Eine "Vereinfachung" der Entscheidungsprozesse im Leitungsorgan der Hochschule lässt sich nicht dadurch belegen, dass die Zusammensetzung des neuen Präsidiums nach § 8 Abs. 1 GrdO 01 keinen Kanzler als Vollmitglied mehr vorsieht wie im Normalfall des § 79 Abs. 1 Satz 2 Nr. 3 HSG-LSA, sondern einen Verwaltungsleiter nur beratend an den Sitzungen des Präsidiums beteiligt (§ 13 Abs. 2 Satz 2 GrdO 01). Auch nach dem herkömmlichen Verständnis der Hochschulverfassung ist der Kanzler "leitender Verwaltungsbeamter ... unterhalb der »Leitung«" (Thieme, Deutsches Hochschulrecht, 2. Aufl., RdNr. 410 [S. 456]) als Stelle "zwischen der Leitung und allen Abteilungen der Verwaltung" (Thieme, a. a. O., S. 457); innerhalb der kollegialen Leitung hat er eine "Beraterfunktion" (Thieme, a. a. O., RdNr. 411 [S 457]). Geht man von diesen Grundsätzen aus, dann bedeutet es auch keine (Verwaltungs-)Vereinfachung, wenn der neuen "Verwaltungsleitung" nach § 13 Abs. 1 GrdO 01 als Dienstvorgesetztem des Verwaltungspersonals (vgl. für den Regelfall: § 82 Abs. 1 Satz 4 HSG-LSA) sowie mit der Geschäftsführung für die laufende Verwaltung (vgl. für den Regelfall: § 82 Abs. 1 Satz 1 HSG-LSA) und als Vertretung des Präsidenten in Rechts- und Verwaltungsangelegenheiten (vgl. für den Regelfall: § 82 Abs. 1 Satz 2 HSG-LSA) im Wesentlichen die gleichen Aufgaben übertragen werden wie dem Kanzler.
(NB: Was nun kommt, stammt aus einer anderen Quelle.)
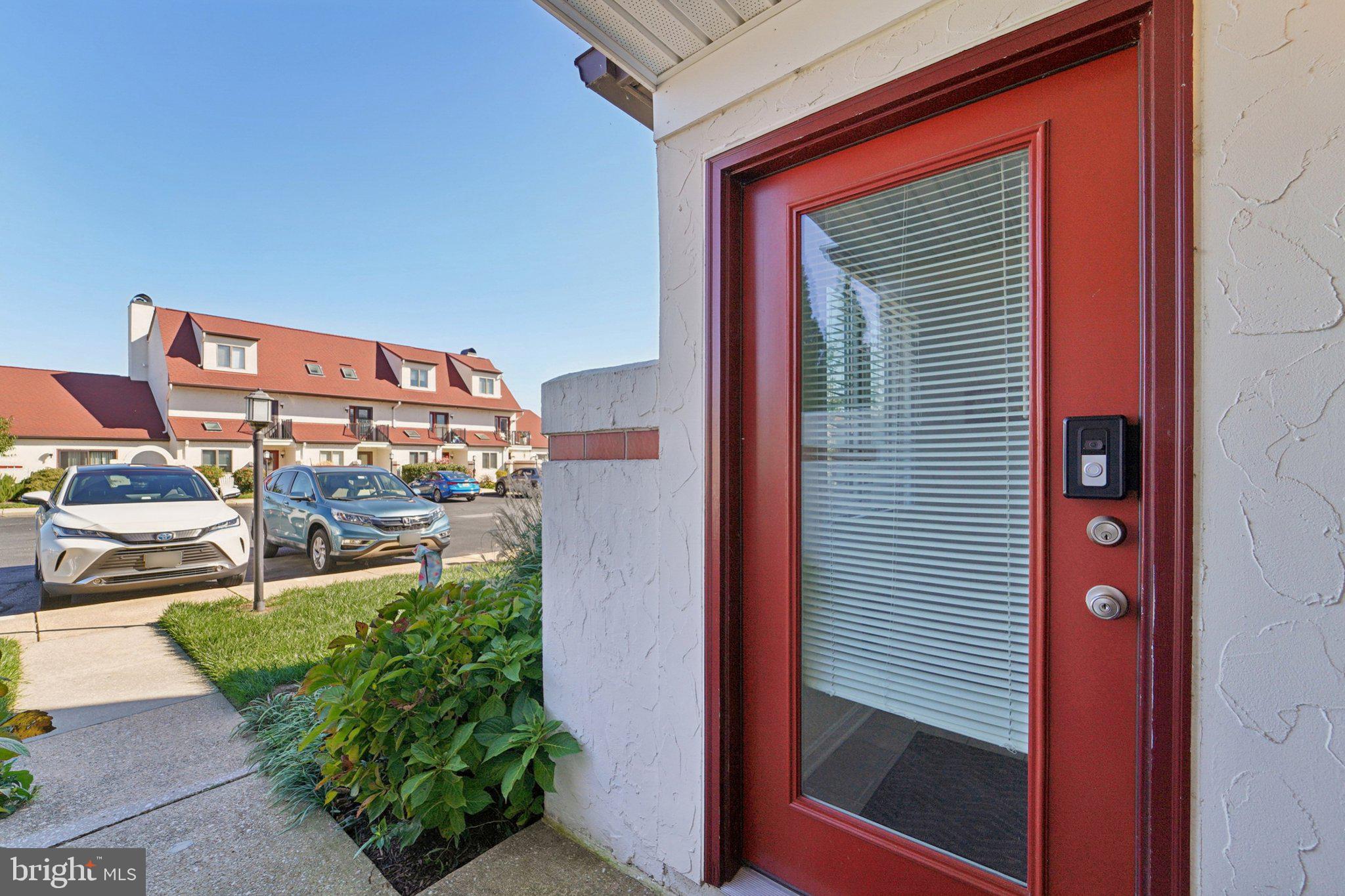 QUEENS LANDING - Residential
Da beide Voraussetzungen (Vereinfachung und Stärkung der Selbstverwaltung) kumulativ erfüllt sein müssen, bleibt beim Fehlen von "Vereinfachung" ohne Bedeutung, dass der Kanzler im Normalfall ein staatlicher Mitarbeiter in der Hochschule ist (§ 82 Abs. 2 Satz 1 HSG-LSA), während der Verwaltungsleiter nach § 13 Abs. 1 Satz 1, Abs. 2 Satz 1 GrdO 01 allein vom Vertrauen der Hochschulleitung abhängig ist und die Vertretung in Rechts- und Verwaltungsangelegenheiten einer besonderen Delegation durch die Hochschulleitung bedarf (§ 13 Abs. 1 Satz 3 GrdO 01).

2.2. Andere Satzungsbestimmungen als §§ 8, 13 GrdO 01 wirken sich auf die Position, welche der Antragsteller durch die einstweilige Anordnung gesichert sehen will, nicht derart aus, dass i. S. des § 47 Abs. 6 VwGO "schwere Nachteile" zu befürchten wären; auch "aus anderen wichtigen Gründen" kommt eine vorläufige Regelung nicht in Betracht.
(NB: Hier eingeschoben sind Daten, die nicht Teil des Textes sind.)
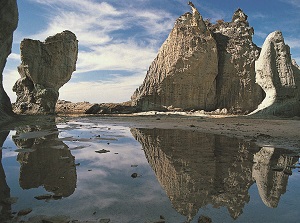 Uniquely shaped rocks in Hotokegaura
3. Die Kostenentscheidung beruht auf §§ 154 Abs. 1; 155 Abs. 1 VwGO. Die Kosten des Verfahrens sind in vollem Umfang vom Antragsgegner zu tragen, weil die vom Antragsteller mit Erfolg beanstandeten Satzungsbestimmungen zum Kern der neuen Regelung gehören und deshalb der nach seiner Formulierung weiter gehende Antrag des Antragstellers, mit dem er unterliegt, nur einen unwesentlichen Teil i. S. des § 155 Abs. 1 Satz 3 VwGO ausmacht.

Die Streitwertfestsetzung folgt aus §§ 13 Abs. 1 Satz 2; 20 Abs. 3 GKG.